Fourth, customizable scaffolds are provided to cue users in problem solving. Unlike QuestMap, which imposes a structure on the way ideas are related (e.g., a rebuttal note points to a claim note but not the other way), these cues, constructed by the expert instructor, serve as cognitive prompts to model “ways of thinking” about the problem. Users, however, are free to express their ideas in other ways. Fifth, a problem field is provided at the head of a note. Notes that build on each other will inherit the same problem title in the default mode unless it is changed by a user. Sixth, the “rise above” function allows users to collapse related notes into one note represented by a special icon. This function helps tidy up a cluttered view full of connected notes after discussion at some length. By so doing, the learners also achieve “clarity of mind” by synthesizing their summaries or consensus. Lastly, embedded and transformative assessment is possible by allowing searching and tracking of contributions from individuals and groups, as well as concurrent feedback to these processes. Individual or group portfolios can also be organized through the views.

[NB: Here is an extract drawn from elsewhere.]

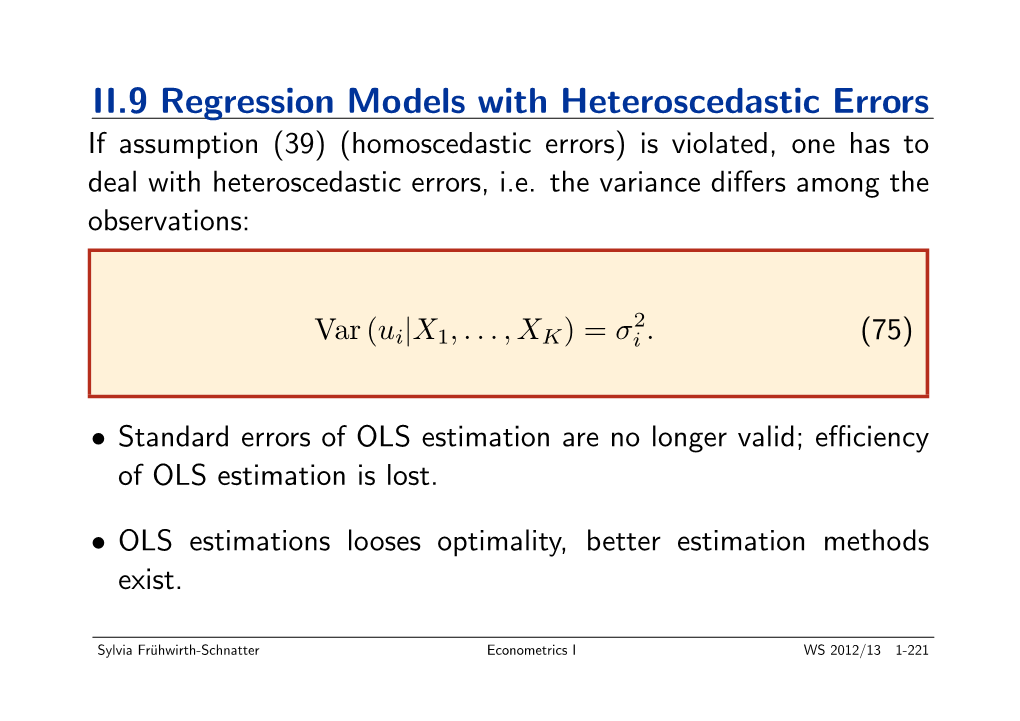 II.9 Regression Models with Heteroscedastic Errors If Assumption (39) (Homoscedastic Errors) Is Violated, One Has to Deal with Heteroscedastic Errors, I.E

Using Knowledge-building Tools for PBL
The following presents a case example of a PBL activity involving kinematics being conducted in a high school science classroom supported by knowledge-building technology.
Crowding round the teacher’s table was a group of 25 fourteen-year-old boys and girls looking intently as the teacher demonstrated how they could use a remote-controlled car running on raised tracks to release a cube-shaped plasticine onto an area below the track. This was a simulation of a mission given to the students—to send a food parcel to victims trapped in a war zone—in which the toy car represented an aircraft delivering a food parcel (represented by plasticine) to war victims (represented by a target area drawn below the track).
In groups of five, these students worked together through an iterative process of generating hypotheses, identifying learning issues, and investigating the hypotheses to solve the problem. While these stages of problem solving guided students to work toward a solution, a knowledge-building approach was adopted to encourage deep understanding of the content domain of the problem. In each of the stages, students constantly sought to advance the group’s understanding. They put forth their ideas onto a public space, clarified their ideas with their group members, and negotiated for shared understanding. Supporting this collaborative process was Knowledge Constructor (Figure 8.3), a knowledge-building tool with affordances similar to those of Knowledge Forum.
Knowledge Constructor is a public space shared by all the members in a group. All members can post their initial ideas and information that they have found or that they know in this space. For instance, in the observed classroom, one student posted his initial idea on how the problem could be solved based on his own naive theory.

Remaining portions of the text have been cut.